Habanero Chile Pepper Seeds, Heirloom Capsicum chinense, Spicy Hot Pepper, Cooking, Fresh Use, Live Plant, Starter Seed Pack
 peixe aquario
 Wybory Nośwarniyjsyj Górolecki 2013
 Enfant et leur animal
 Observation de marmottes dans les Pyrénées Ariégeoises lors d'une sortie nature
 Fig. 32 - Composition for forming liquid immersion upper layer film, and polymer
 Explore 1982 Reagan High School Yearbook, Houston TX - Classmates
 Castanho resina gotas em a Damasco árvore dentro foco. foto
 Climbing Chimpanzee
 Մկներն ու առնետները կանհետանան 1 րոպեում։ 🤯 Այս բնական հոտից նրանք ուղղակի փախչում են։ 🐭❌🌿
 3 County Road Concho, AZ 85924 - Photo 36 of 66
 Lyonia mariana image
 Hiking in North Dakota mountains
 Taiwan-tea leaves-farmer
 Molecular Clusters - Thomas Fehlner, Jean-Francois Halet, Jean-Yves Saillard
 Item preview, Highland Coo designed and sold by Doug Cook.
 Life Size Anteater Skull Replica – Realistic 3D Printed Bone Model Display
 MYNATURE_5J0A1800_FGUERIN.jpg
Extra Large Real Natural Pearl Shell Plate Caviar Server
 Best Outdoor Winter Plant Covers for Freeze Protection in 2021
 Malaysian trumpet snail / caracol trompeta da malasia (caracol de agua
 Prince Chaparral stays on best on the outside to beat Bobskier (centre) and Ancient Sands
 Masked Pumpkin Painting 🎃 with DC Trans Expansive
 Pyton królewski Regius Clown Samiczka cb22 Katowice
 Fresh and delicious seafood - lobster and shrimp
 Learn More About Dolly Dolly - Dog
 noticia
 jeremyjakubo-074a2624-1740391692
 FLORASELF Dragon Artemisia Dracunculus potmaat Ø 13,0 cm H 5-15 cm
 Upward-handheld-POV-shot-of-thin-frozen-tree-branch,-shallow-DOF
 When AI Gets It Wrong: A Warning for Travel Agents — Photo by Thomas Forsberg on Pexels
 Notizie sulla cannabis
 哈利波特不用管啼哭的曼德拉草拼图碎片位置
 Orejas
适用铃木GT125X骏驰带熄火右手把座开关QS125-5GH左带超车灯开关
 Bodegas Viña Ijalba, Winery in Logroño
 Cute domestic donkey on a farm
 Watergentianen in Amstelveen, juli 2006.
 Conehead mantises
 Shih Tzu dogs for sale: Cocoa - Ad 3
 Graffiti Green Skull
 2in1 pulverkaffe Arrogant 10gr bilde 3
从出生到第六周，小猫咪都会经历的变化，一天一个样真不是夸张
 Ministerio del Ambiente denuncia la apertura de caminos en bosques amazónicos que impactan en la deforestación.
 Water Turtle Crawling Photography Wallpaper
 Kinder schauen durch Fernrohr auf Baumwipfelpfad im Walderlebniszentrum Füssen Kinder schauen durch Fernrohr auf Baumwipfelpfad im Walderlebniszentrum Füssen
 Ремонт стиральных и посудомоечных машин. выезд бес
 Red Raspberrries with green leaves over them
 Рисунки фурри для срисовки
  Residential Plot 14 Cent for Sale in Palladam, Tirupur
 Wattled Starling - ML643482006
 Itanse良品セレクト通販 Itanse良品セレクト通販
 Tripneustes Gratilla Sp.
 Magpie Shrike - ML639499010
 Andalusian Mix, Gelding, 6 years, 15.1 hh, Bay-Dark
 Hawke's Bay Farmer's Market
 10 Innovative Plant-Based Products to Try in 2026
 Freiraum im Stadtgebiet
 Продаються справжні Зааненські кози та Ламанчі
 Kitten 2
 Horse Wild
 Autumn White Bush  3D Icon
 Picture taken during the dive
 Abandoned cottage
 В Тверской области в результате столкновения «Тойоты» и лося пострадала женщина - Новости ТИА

————

== WORK ORDER ==
Locate the word "Plant" in the records and collect each line it appears in.

== RESPONSE BELOW ==
Habanero Chile Pepper Seeds, Heirloom Capsicum chinense, Spicy Hot Pepper, Cooking, Fresh Use, Live Plant, Starter Seed Pack
 Best Outdoor Winter Plant Covers for Freeze Protection in 2021
 10 Innovative Plant-Based Products to Try in 2026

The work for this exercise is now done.